▶ **EXERCISE DIRECTIONS**: In the records that follow, find the line with "Doğan & Elçi"; from there, retype every line exactly through the line with "Escorts Oxfordshire Oxford", which also belongs to the answer.

▶ **RECORDED DATA**:

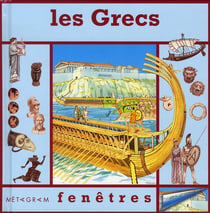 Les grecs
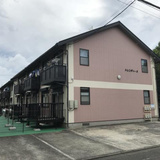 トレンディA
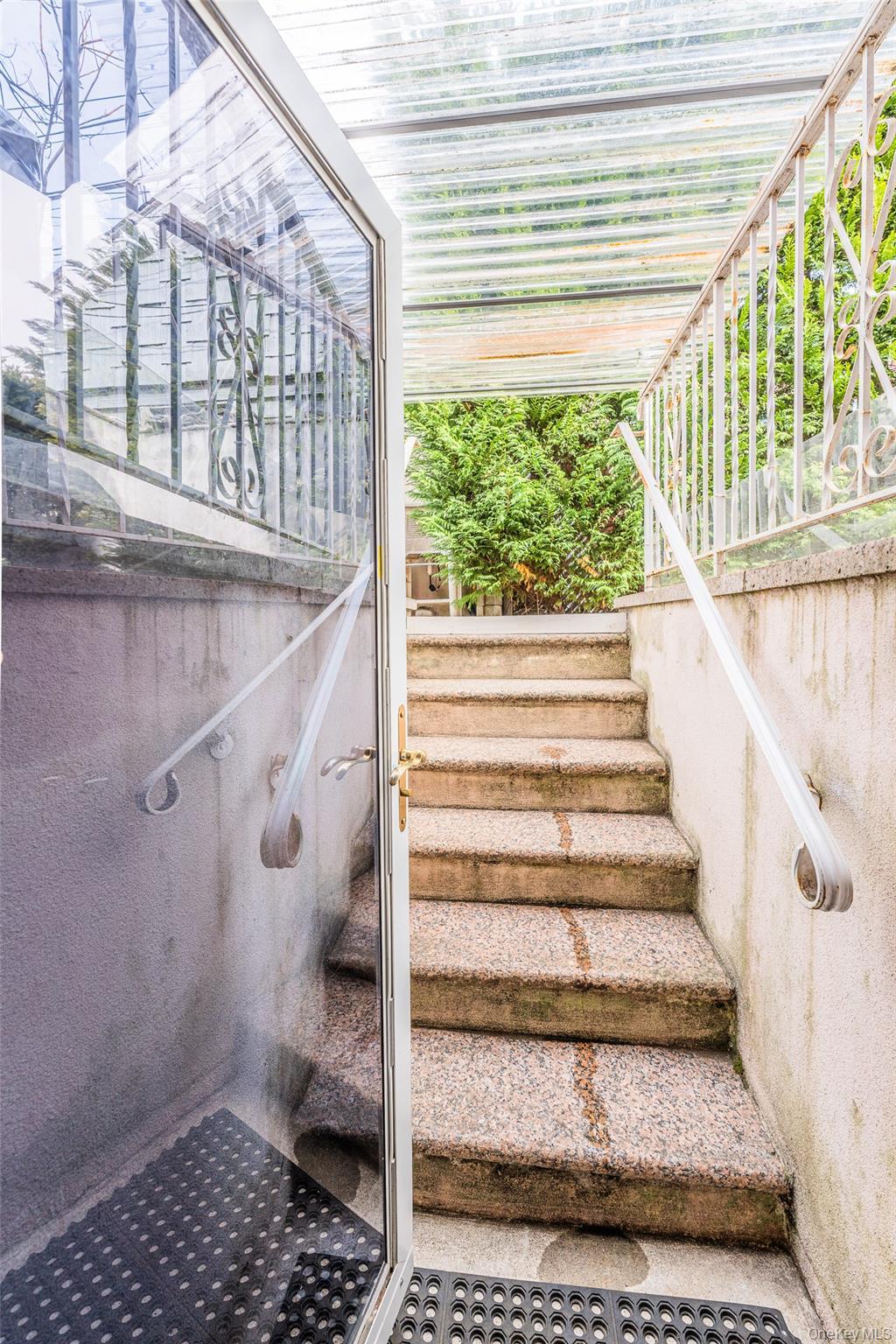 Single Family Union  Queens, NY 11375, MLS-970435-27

---

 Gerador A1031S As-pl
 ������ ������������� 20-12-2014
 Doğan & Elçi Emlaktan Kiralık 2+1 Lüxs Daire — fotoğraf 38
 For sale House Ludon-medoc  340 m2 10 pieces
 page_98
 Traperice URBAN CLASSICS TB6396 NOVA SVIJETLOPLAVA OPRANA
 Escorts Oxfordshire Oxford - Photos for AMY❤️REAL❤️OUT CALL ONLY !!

▶ **RESPONSE TO THE TASK**:
 Doğan & Elçi Emlaktan Kiralık 2+1 Lüxs Daire — fotoğraf 38
 For sale House Ludon-medoc  340 m2 10 pieces
 page_98
 Traperice URBAN CLASSICS TB6396 NOVA SVIJETLOPLAVA OPRANA
 Escorts Oxfordshire Oxford - Photos for AMY❤️REAL❤️OUT CALL ONLY !!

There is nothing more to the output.